Problem: Return every line below exactly.
*****
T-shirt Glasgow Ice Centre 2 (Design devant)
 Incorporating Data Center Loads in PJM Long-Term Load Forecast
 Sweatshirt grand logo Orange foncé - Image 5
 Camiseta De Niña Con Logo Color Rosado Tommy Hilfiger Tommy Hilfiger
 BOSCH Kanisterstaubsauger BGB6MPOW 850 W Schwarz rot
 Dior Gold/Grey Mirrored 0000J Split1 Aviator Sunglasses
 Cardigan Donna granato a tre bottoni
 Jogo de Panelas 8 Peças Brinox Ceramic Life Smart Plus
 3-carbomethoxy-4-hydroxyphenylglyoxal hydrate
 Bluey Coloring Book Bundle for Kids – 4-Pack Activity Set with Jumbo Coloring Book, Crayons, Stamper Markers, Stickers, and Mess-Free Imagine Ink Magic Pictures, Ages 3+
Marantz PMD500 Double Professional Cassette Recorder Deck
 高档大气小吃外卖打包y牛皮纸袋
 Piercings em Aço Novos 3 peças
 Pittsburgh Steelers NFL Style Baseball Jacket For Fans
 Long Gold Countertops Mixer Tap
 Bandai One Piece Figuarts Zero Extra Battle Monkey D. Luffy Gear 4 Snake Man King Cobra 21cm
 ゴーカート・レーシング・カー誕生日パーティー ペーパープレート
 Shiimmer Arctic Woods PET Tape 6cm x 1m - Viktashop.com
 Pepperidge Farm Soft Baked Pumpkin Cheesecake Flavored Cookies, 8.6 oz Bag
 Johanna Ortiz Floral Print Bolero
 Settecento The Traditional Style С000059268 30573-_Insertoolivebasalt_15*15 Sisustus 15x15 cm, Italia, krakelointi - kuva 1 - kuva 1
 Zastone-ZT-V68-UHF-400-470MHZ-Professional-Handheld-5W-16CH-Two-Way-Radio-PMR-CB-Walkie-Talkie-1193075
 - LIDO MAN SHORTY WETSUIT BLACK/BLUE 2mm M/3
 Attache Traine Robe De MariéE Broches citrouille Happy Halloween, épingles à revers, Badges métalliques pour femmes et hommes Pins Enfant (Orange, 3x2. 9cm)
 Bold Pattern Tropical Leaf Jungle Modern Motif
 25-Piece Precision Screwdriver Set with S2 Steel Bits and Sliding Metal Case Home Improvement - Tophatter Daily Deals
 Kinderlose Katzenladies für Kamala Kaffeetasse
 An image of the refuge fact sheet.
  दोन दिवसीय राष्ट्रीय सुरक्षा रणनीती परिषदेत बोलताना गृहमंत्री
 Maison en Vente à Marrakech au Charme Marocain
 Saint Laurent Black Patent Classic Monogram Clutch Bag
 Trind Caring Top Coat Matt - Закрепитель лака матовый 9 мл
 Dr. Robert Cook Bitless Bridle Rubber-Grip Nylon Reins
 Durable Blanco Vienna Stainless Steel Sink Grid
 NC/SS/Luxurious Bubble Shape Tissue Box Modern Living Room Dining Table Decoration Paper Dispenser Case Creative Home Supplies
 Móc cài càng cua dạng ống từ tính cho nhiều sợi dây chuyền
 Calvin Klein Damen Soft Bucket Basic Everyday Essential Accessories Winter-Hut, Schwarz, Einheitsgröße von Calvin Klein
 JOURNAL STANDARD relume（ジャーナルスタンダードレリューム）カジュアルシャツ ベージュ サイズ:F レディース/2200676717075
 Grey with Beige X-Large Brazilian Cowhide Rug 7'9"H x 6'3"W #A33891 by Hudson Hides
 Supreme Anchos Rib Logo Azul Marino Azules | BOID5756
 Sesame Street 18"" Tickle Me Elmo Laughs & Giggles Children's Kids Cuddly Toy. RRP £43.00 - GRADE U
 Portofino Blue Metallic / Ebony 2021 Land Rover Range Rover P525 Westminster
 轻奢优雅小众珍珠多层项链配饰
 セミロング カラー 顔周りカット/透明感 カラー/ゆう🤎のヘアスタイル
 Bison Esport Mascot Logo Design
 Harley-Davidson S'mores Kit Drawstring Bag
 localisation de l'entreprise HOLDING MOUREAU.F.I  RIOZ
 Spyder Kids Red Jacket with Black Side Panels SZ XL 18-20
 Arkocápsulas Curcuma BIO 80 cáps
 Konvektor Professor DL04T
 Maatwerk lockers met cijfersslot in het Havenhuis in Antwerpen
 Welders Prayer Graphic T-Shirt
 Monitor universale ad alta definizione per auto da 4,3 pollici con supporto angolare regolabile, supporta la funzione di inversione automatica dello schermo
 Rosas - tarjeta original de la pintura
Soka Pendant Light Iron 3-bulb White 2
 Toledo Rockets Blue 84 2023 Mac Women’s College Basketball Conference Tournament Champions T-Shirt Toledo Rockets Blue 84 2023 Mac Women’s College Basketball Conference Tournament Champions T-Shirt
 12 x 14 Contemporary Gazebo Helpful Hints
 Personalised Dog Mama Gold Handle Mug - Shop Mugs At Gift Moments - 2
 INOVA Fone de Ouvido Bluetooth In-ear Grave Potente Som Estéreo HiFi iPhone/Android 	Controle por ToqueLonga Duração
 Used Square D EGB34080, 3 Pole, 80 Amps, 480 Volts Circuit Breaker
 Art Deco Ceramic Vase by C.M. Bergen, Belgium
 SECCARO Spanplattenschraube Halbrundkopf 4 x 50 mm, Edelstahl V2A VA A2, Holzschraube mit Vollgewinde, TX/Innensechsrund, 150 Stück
*****
Completed task:
T-shirt Glasgow Ice Centre 2 (Design devant)
 Incorporating Data Center Loads in PJM Long-Term Load Forecast
 Sweatshirt grand logo Orange foncé - Image 5
 Camiseta De Niña Con Logo Color Rosado Tommy Hilfiger Tommy Hilfiger
 BOSCH Kanisterstaubsauger BGB6MPOW 850 W Schwarz rot
 Dior Gold/Grey Mirrored 0000J Split1 Aviator Sunglasses
 Cardigan Donna granato a tre bottoni
 Jogo de Panelas 8 Peças Brinox Ceramic Life Smart Plus
 3-carbomethoxy-4-hydroxyphenylglyoxal hydrate
 Bluey Coloring Book Bundle for Kids – 4-Pack Activity Set with Jumbo Coloring Book, Crayons, Stamper Markers, Stickers, and Mess-Free Imagine Ink Magic Pictures, Ages 3+
Marantz PMD500 Double Professional Cassette Recorder Deck
 高档大气小吃外卖打包y牛皮纸袋
 Piercings em Aço Novos 3 peças
 Pittsburgh Steelers NFL Style Baseball Jacket For Fans
 Long Gold Countertops Mixer Tap
 Bandai One Piece Figuarts Zero Extra Battle Monkey D. Luffy Gear 4 Snake Man King Cobra 21cm
 ゴーカート・レーシング・カー誕生日パーティー ペーパープレート
 Shiimmer Arctic Woods PET Tape 6cm x 1m - Viktashop.com
 Pepperidge Farm Soft Baked Pumpkin Cheesecake Flavored Cookies, 8.6 oz Bag
 Johanna Ortiz Floral Print Bolero
 Settecento The Traditional Style С000059268 30573-_Insertoolivebasalt_15*15 Sisustus 15x15 cm, Italia, krakelointi - kuva 1 - kuva 1
 Zastone-ZT-V68-UHF-400-470MHZ-Professional-Handheld-5W-16CH-Two-Way-Radio-PMR-CB-Walkie-Talkie-1193075
 - LIDO MAN SHORTY WETSUIT BLACK/BLUE 2mm M/3
 Attache Traine Robe De MariéE Broches citrouille Happy Halloween, épingles à revers, Badges métalliques pour femmes et hommes Pins Enfant (Orange, 3x2. 9cm)
 Bold Pattern Tropical Leaf Jungle Modern Motif
 25-Piece Precision Screwdriver Set with S2 Steel Bits and Sliding Metal Case Home Improvement - Tophatter Daily Deals
 Kinderlose Katzenladies für Kamala Kaffeetasse
 An image of the refuge fact sheet.
  दोन दिवसीय राष्ट्रीय सुरक्षा रणनीती परिषदेत बोलताना गृहमंत्री
 Maison en Vente à Marrakech au Charme Marocain
 Saint Laurent Black Patent Classic Monogram Clutch Bag
 Trind Caring Top Coat Matt - Закрепитель лака матовый 9 мл
 Dr. Robert Cook Bitless Bridle Rubber-Grip Nylon Reins
 Durable Blanco Vienna Stainless Steel Sink Grid
 NC/SS/Luxurious Bubble Shape Tissue Box Modern Living Room Dining Table Decoration Paper Dispenser Case Creative Home Supplies
 Móc cài càng cua dạng ống từ tính cho nhiều sợi dây chuyền
 Calvin Klein Damen Soft Bucket Basic Everyday Essential Accessories Winter-Hut, Schwarz, Einheitsgröße von Calvin Klein
 JOURNAL STANDARD relume（ジャーナルスタンダードレリューム）カジュアルシャツ ベージュ サイズ:F レディース/2200676717075
 Grey with Beige X-Large Brazilian Cowhide Rug 7'9"H x 6'3"W #A33891 by Hudson Hides
 Supreme Anchos Rib Logo Azul Marino Azules | BOID5756
 Sesame Street 18"" Tickle Me Elmo Laughs & Giggles Children's Kids Cuddly Toy. RRP £43.00 - GRADE U
 Portofino Blue Metallic / Ebony 2021 Land Rover Range Rover P525 Westminster
 轻奢优雅小众珍珠多层项链配饰
 セミロング カラー 顔周りカット/透明感 カラー/ゆう🤎のヘアスタイル
 Bison Esport Mascot Logo Design
 Harley-Davidson S'mores Kit Drawstring Bag
 localisation de l'entreprise HOLDING MOUREAU.F.I  RIOZ
 Spyder Kids Red Jacket with Black Side Panels SZ XL 18-20
 Arkocápsulas Curcuma BIO 80 cáps
 Konvektor Professor DL04T
 Maatwerk lockers met cijfersslot in het Havenhuis in Antwerpen
 Welders Prayer Graphic T-Shirt
 Monitor universale ad alta definizione per auto da 4,3 pollici con supporto angolare regolabile, supporta la funzione di inversione automatica dello schermo
 Rosas - tarjeta original de la pintura
Soka Pendant Light Iron 3-bulb White 2
 Toledo Rockets Blue 84 2023 Mac Women’s College Basketball Conference Tournament Champions T-Shirt Toledo Rockets Blue 84 2023 Mac Women’s College Basketball Conference Tournament Champions T-Shirt
 12 x 14 Contemporary Gazebo Helpful Hints
 Personalised Dog Mama Gold Handle Mug - Shop Mugs At Gift Moments - 2
 INOVA Fone de Ouvido Bluetooth In-ear Grave Potente Som Estéreo HiFi iPhone/Android 	Controle por ToqueLonga Duração
 Used Square D EGB34080, 3 Pole, 80 Amps, 480 Volts Circuit Breaker
 Art Deco Ceramic Vase by C.M. Bergen, Belgium
 SECCARO Spanplattenschraube Halbrundkopf 4 x 50 mm, Edelstahl V2A VA A2, Holzschraube mit Vollgewinde, TX/Innensechsrund, 150 Stück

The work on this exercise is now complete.